L’anno del Bicentenario ha incrociato un periodo di riscoperta dei valori, di volontà riformatrice, di cambiamento di una cultura in cui l’etica deve svolgere la funzione di collegare le risorse umane al benessere della società razionalizzando le spinte ad un profitto privo di un quadro strategico d’insieme.
L’anno del Bicentenario ha trovato pure nello scenario nazionale le difficoltà della complessità del sociale, del politico, dell’economico, del religioso, la difficoltà di gestione di un sistema polifunzionale, poliarticolato, pluriframmentato, ricco di autonomie dove le diversità, preziose nella loro configurazione, disegnano contestualmente varietà di situazioni, di opportunità, di rischi scaturenti proprio dalla interazione di atteggiamenti, progetti e culture differenti.
Una frammentarietà che se non si vuole vedere trasformata in frantumazione, necessita sul territorio di un polo di riferimento, di raccordo, di mediazione, di composizione, di sostegno ad una partecipazione condivisa e promossa nell’interesse nazionale.
Ecco l’esigenza e la presenza della rete prefettorale. Ecco il significato di un servizio concreto alla Comunità nazionale.
Un servizio alla Comunità nazionale, curato con impegno silenzioso e lontano da ribalte illuminate, che si è svolto e si svolge quotidianamente tra la gente, il che rappresenta, oggi come ieri, la più antica e la più moderna aspirazione del Corpo prefettizio.

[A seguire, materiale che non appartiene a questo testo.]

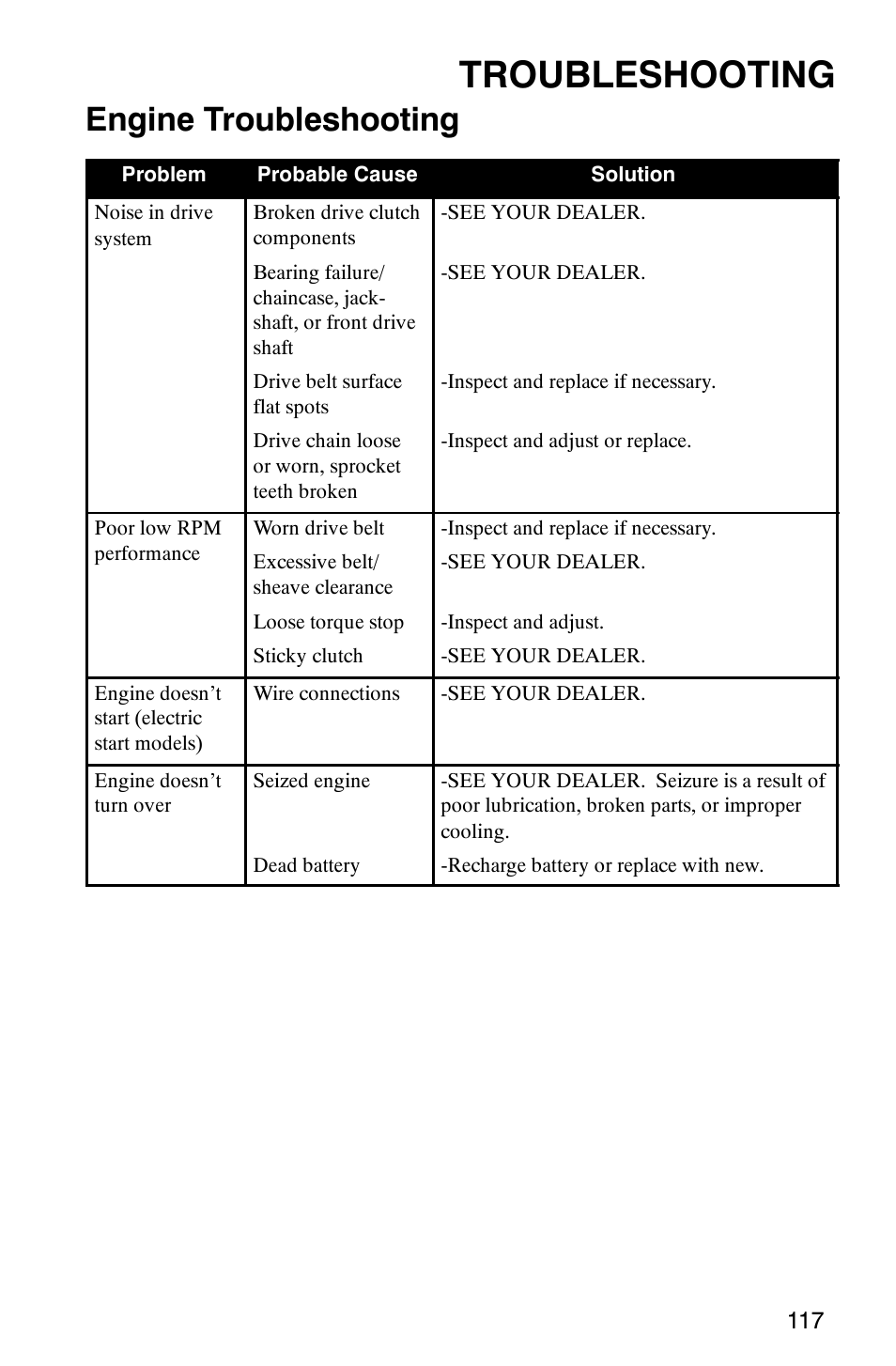 Troubleshooting, Engine troubleshooting | Polaris Frontier User Manual | Page 119 / 130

Abbiamo, Signor Presidente, un “cuore antico” tutto teso a vivere il presente ma tutto proteso verso il futuro che per noi significa facilitare le migliori condizioni di civiltà e di progresso, essere artefici, insieme con gli altri, di livelli di democrazia sempre più adulta.

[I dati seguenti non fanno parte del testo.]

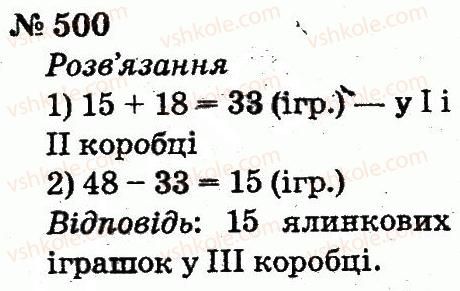 2-matematika-fm-rivkind-lv-olyanitska-2012--rozdil-3-usne-dodavannya-i-vidnimannya-chisel-u-mezhah-100-z-perehodom-cherez-rozryad-500.jpg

Ciò seguendo il filo di una impresa intellettuale che conferisce vigore ad una forte progettualità e ad una continuità che è ragionata, sorretta da una convinta etica dei valori, rafforzata al contempo da un necessario pragmatismo.
E' stata del resto questa capacità di tenere insieme idealità e pragmatismo, guardando avanti verso il domani, ad arricchire la nostra storia che è storia di cultura dell’amministrazione e di amministrazione di una cultura basata su una singolare identità i cui stili di comportamento mantengono una loro precisa attualità e vengono spesso reclamati come segno distintivo da preservare per non disperdere un patrimonio senza cui ci sembra non facile ricercare strumenti adeguati all’incedere di una globalizzazione per la quale si avvertono, al tempo stesso, sentimenti di speranza e di timore.

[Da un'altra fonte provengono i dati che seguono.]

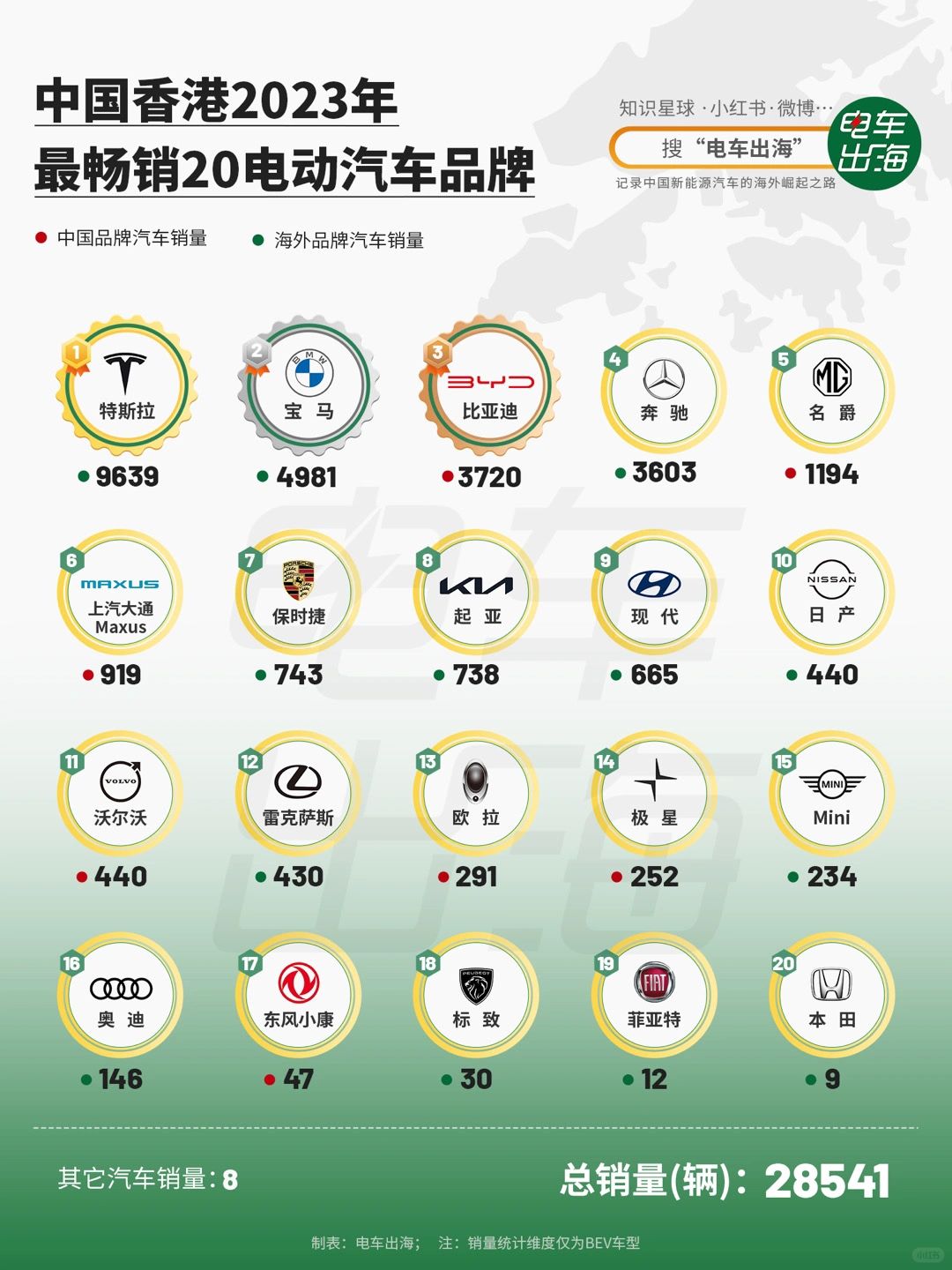 香港，全中国宝马电车最密集的地区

L’elogio della storia che questo Bicentenario rappresenta si concilia dunque con la visione del futuro e con la volontà di essere fini innovatori e abili facilitatori di un cambiamento richiesto dai cittadini.
Il Corpo prefettizio ha percorso così duecento anni di storia, con slancio, sovente con coraggio soprattutto nei momenti aspri e difficili del Paese, con autorevolezza nel senso della radice latina di augere suscitando cioè crescita ed energia. è stato nel 1802, e lo è ancora di più nella realtà odierna, alfiere di uno Stato uguale dove libertà ed uguaglianza sono principi essenziali della nostra Costituzione repubblicana.
Ecco perché, Signor Presidente, non abbiamo vissuto l’anno del Bicentenario per celebrare con retorica semplici riti, ma abbiamo voluto cogliere, anche con l’aiuto di quanti nel pubblico e nel privato ci hanno dimostrato simpatia e stima, un’opportunità unica per riaffermare una presenza e un ruolo al servizio della Repubblica italiana e dei suoi valori fondanti, tra i quali spicca l’Unità nazionale di cui Lei, Signor Presidente, è il primo garante e il nobile custode. Di questo soprattutto Le siamo e Le saremo sempre profondamente grati.
Grazie ancora per la Loro importante presenza alle altre alte Autorità, ai Colleghi, agli Amici e ai Sostenitori di questo Bicentenario che abbiamo avuto quest’anno il privilegio storico di vivere e l’onore di celebrare. Grazie.